Павел Ягужинский относился к слову государя с тою верой, с какой благочестивый прихожанин храма относится обыкновенно к святым догматам христовой религии, но в то же время понимал, что его власти обер‑прокурора не хватит, чтобы удержать Россию в повиновении после смерти Петра. Да и сохранение этой высокой должности при столь печальных обстоятельствах было бы под большим вопросом.

– Нет у меня наследника, достойного трона, – проговорил государь, видя смятение в выражении глаз обер‑прокурора. – Во внуке своём Петре Алексеевиче, хоть он мал, характера не вижу. Предчувствую я, что по достижении полноты лет будет он безмолвным и слепым орудием в руках боярских.

– Рано тебе, великий государь, думать о передаче власти наследнику, – произнёс с робостью в голосе Ягужинский. – Сам ты ещё не стар! Бог милостив! Не верю я в то, что похитит он тебя у России. Не за что Небесному отцу так нас наказывать!

– Будущее только ему одному и известно! – понизив голос, сказал Пётр. – Если Богу будет угодно, проживу я ещё не один год, а если он захочет дни мои завтра пресечь, то не защитит меня никакая земная сила.

Произнеся последнюю фразу, государь погрузился в безмолвие и через некоторое время продолжил свою речь с заметным волнением:

– Ни Меншикову, ни жене своей я больше не верю. Один вор, а другая изменщица. Вора этой же зимой на смерть осужу, а Екатерину отправлю в монастырское заточение.

Ягужинский побледнел, услышав о таком решительном изъявлении государевой воли. Он почувствовал, что в России наступают роковые и грозные времена.
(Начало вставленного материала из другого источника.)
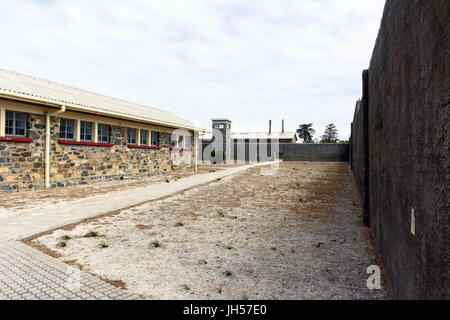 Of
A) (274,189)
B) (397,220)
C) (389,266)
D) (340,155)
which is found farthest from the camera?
(340,155)

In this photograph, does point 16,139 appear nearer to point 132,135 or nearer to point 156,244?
point 132,135

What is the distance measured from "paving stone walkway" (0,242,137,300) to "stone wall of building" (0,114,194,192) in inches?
255

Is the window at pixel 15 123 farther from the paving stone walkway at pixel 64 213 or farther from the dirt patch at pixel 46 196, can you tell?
the paving stone walkway at pixel 64 213

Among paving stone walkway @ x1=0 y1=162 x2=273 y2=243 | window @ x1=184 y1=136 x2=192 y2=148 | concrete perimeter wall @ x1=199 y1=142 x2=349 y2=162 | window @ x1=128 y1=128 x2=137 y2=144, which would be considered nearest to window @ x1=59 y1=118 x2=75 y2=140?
window @ x1=128 y1=128 x2=137 y2=144

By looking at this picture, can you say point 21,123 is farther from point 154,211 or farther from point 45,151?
point 154,211

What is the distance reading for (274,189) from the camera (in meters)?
10.9

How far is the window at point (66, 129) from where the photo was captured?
11.0m

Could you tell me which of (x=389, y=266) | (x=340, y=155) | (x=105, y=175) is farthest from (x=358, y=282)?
(x=340, y=155)

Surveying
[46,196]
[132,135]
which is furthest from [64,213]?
[132,135]

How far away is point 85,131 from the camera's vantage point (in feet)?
39.5

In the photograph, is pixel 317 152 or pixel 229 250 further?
pixel 317 152

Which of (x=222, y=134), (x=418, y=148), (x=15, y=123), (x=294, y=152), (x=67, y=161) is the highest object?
(x=222, y=134)

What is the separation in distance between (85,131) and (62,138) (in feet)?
3.73

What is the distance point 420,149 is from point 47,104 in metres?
10.9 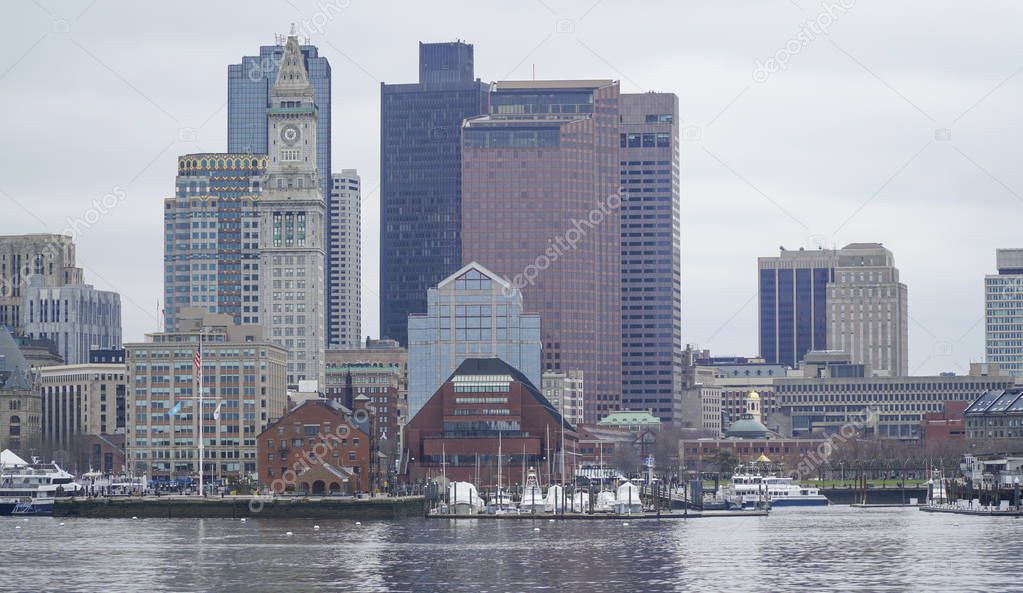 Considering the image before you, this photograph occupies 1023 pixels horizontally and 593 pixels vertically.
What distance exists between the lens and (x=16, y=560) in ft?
459

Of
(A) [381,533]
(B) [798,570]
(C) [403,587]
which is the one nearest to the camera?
(C) [403,587]

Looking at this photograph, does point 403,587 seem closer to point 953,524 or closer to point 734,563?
point 734,563

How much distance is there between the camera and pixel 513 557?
14000cm

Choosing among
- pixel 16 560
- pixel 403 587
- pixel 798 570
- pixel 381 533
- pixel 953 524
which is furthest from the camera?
pixel 953 524

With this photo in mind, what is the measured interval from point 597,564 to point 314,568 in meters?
18.3

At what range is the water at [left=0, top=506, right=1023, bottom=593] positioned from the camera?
389ft

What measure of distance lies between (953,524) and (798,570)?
6339 cm

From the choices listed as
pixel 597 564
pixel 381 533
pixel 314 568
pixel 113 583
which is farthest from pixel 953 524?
pixel 113 583

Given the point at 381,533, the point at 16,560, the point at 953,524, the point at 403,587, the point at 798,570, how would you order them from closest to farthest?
the point at 403,587, the point at 798,570, the point at 16,560, the point at 381,533, the point at 953,524

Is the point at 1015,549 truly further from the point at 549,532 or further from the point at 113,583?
the point at 113,583

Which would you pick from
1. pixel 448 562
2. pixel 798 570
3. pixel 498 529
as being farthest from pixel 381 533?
pixel 798 570

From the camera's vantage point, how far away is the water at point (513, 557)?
11856cm

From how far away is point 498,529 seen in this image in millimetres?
181375

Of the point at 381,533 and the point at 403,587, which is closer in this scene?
the point at 403,587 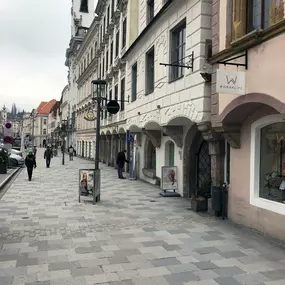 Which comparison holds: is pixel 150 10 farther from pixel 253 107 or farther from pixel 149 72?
pixel 253 107

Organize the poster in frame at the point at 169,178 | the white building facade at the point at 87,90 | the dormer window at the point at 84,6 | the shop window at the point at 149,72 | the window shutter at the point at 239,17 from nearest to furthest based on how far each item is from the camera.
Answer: the window shutter at the point at 239,17, the poster in frame at the point at 169,178, the shop window at the point at 149,72, the white building facade at the point at 87,90, the dormer window at the point at 84,6

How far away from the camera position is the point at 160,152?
1614 cm

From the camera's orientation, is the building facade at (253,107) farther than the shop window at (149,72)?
No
В те мгновения, когда император находился в недобром расположение духа, его взор внушал всем придворным тот ужас, от которого у них холодела кровь в жилах. Что же мог испытывать честный обер‑прокурор, когда император пребывал в ярости? В эти минуты Ягужинскому казалось, что он хоть и раскрыл государю глаза на многих влиятельных воров и предателей, включая светлейшего князя Меншикова, но всё равно делает слишком мало на своём посту главного прокурора России.

Император сразу заметил смятение, которое испытывал его собеседник, и постарался подавить усилием воли то негодование, волны которого всё ещё вскипали в нём при мысли о предателях отечества, которые тесной вереницей окружали престол, плели паутины заговора в коллегиях, разливали яд в порочащих императора речах на ассамблеях и присутствовали в Сенате, ненавидя иноземное название этого учреждения и желая повернуть историю отечества вспять.